Very strange issue we seem to be having. We're running 4.0.9 (hopefully upgrading soon... has to pass validation first) but this seemed to happen on 4.1.6 we tried recently also.
Our server sits inside our data center. We can reach it either via a direct IP address (which Checkpoint allows us to access via firewall) and an Intranet address, which is a NAT address, both of which use TCP port 80.
If we use the direct IP address (that is, the server's true IP address) via the Checkpoint firewall, all searches work perfectly without issue.
However, if we execute the same search via the NAT'd Intranet address, these same specific searches will cause the web session to reset, resulting in a perpetually spinning search icon. The only way to recover is to backspace the URL, erasing the flashtimeline# part and just hitting enter or refreshing the web page.
In observing a TCPdump I can see Splunk sends a RST just after the search is executed. The very last thing the client sends is the request to the Splunk server:
POST /en-US/api/search/jobs HTTP/1.1
In checking the web_service.log file, the following output is observed when the issue occurs:
2011-04-02 01:26:15,276 ERROR customlogmanager:22 - [02/Apr/2011:01:26:15] HTTP
USER-AGENT: Mozilla/4.0 (compatible; MSIE 7.0; Windows NT 5.1; Trident/4.0; EmbeddedWB 14.52 from: http://www.bsalsa.com/ EmbeddedWB 14.52; .NET CLR 1.1.4322; .NET CLR 2.0.50727; .NET CLR 3.0.04506.648; .NET CLR 3.5.21022; .NET CLR 3.0.4506.2152; .NET CLR 3.5.30729; InfoPath.3; InfoPath.2; MS-RTC EA 2)

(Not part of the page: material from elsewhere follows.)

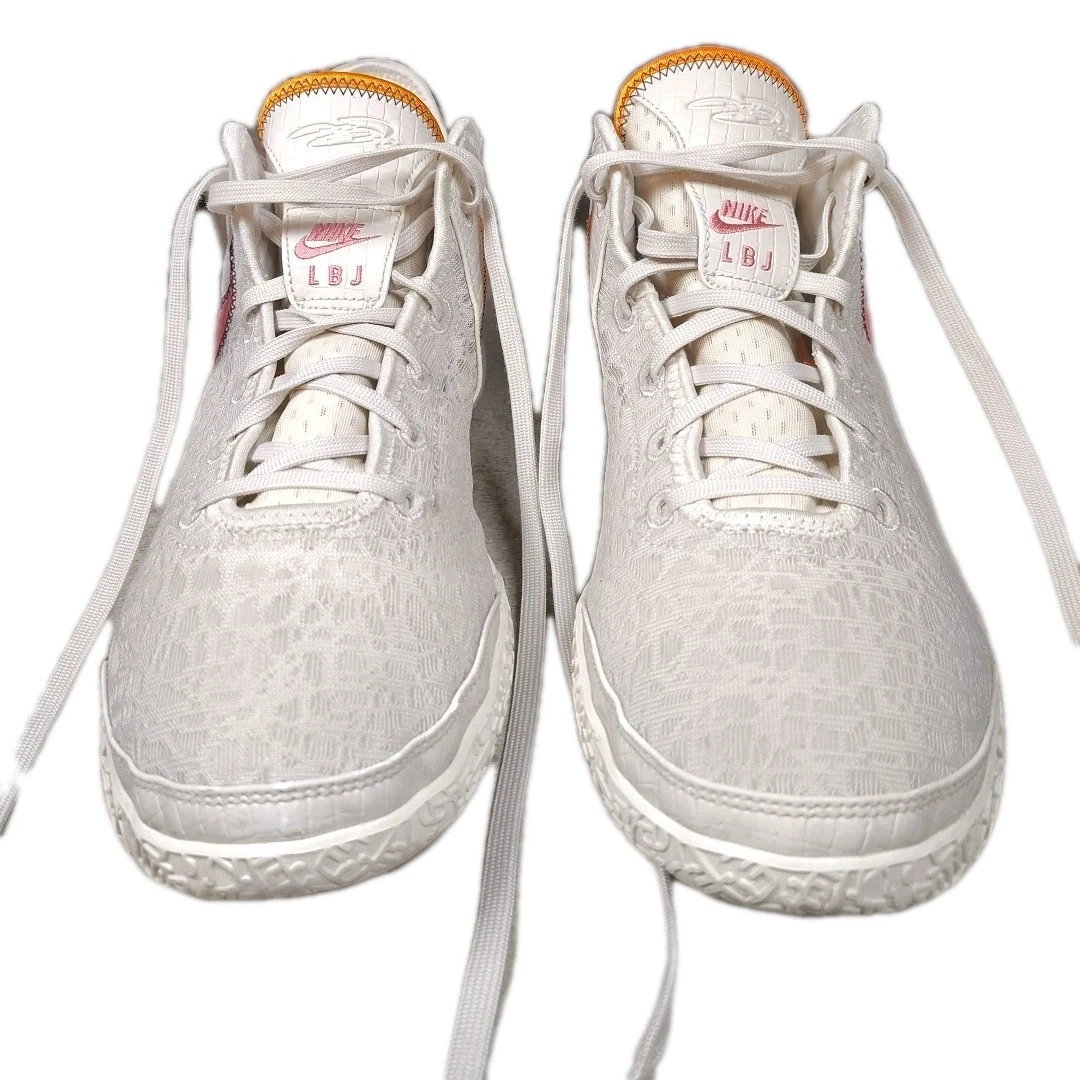 Nike Zoom LeBron NXXT Gen EP Da Vinci for Sale | Authenticity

ACCEPT-ENCODING: gzip, deflate
2011-04-02 01:26:15,292 ERROR customlogmanager:22 - [02/Apr/2011:01:26:15] HTTP Traceback (most recent call last):
File "D:\Program Files\Splunk\Python-2.6\Lib\site-packages\cherrypy\_cprequest.py", line 600, in respond
File "D:\Program Files\Splunk\Python-2.6\Lib\site-packages\cherrypy\_cprequest.py", line 722, in process_body
File "D:\Program Files\Splunk\Python-2.6\Lib\site-packages\cherrypy\_cpcgifs.py", line 8, in __init__
cgi.FieldStorage.__init__(self, *args, **kwds)

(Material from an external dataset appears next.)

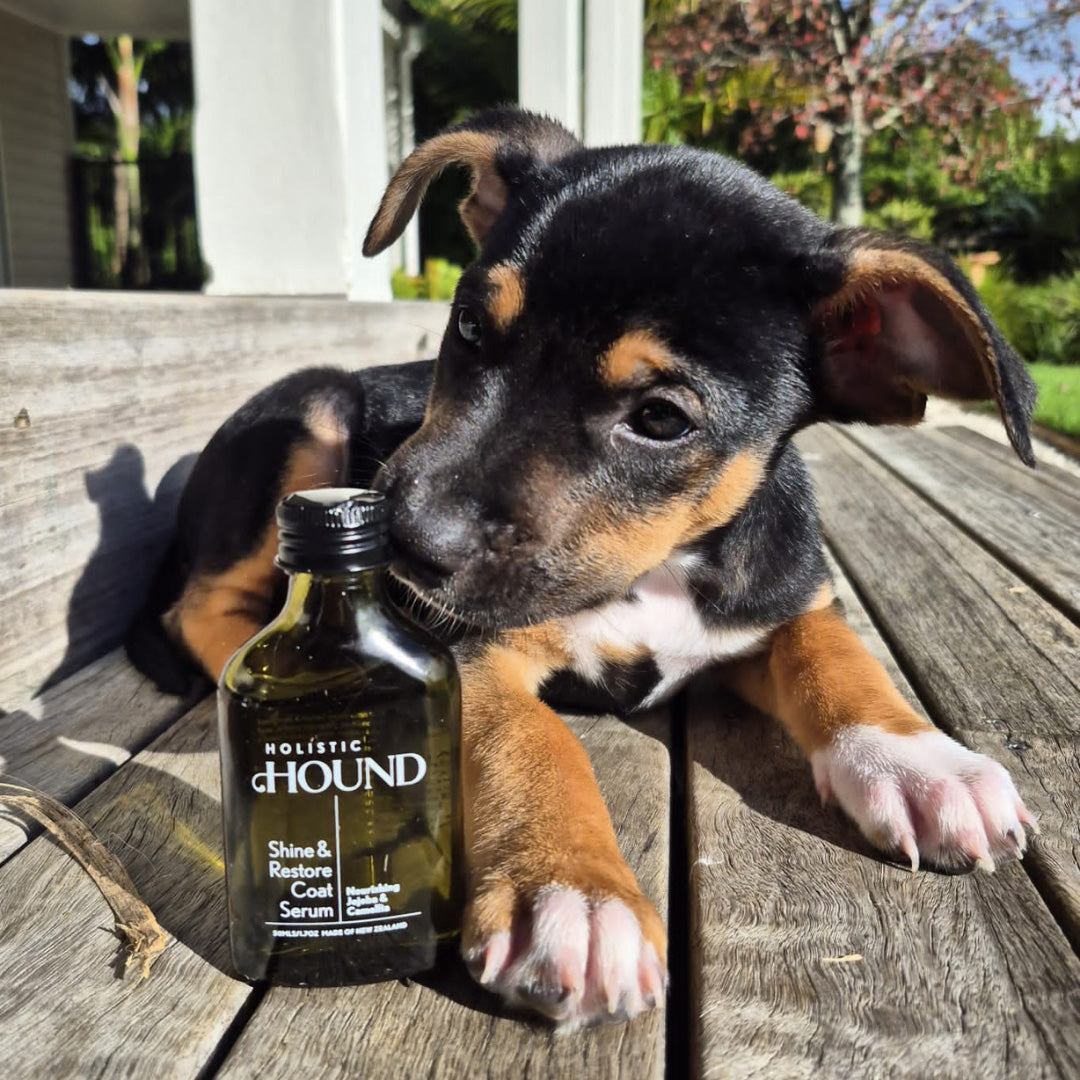 HOLISTIC HOUND | SHINE & RESTORE COAT SERUM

File "D:\Program Files\Splunk\Python-2.6\Lib\cgi.py", line 506, in __init__
File "D:\Program Files\Splunk\Python-2.6\Lib\cgi.py", line 607, in read_urlencoded
qs = self.fp.read(self.length)
File "D:\Program Files\Splunk\Python-2.6\Lib\site-packages\cherrypy\wsgiserver\__init__.py", line 206, in read
data = self.rfile.read(size)
File "D:\Program Files\Splunk\Python-2.6\Lib\site-packages\cherrypy\wsgiserver\__init__.py", line 798, in read
data = self.recv(left)
File "D:\Program Files\Splunk\Python-2.6\Lib\site-packages\cherrypy\wsgiserver\__init__.py", line 754, in recv
error: [Errno 10054] An existing connection was forcibly closed by the remote host
The 10. Net address you see in the output is the NAT address we use on our Intranet. The server's actual address is something else, and as I mentioned, when we use that one, it works fine. We need the Intranet NAT address to work because not everyone who uses Splunk has access to come in via the firewall.
I've also tried different browsers (IE, FF, Chrome) and the same thing happens, so clearly this is something with the HTTP server itself.
When there is a stateful firewall (especially one with NAT) in the middle, one
tcpdump is never enough. You should capture a
tcpdump on each device and compare and contrast. For example, you will need to confirm that the RST is coming from the Splunk host itself - and not being generated "helpfully" by the Checkpoint.
It is not uncommon for software defects in NAT devices to either foul up the content of a TCP session, or to get confused by the content of one.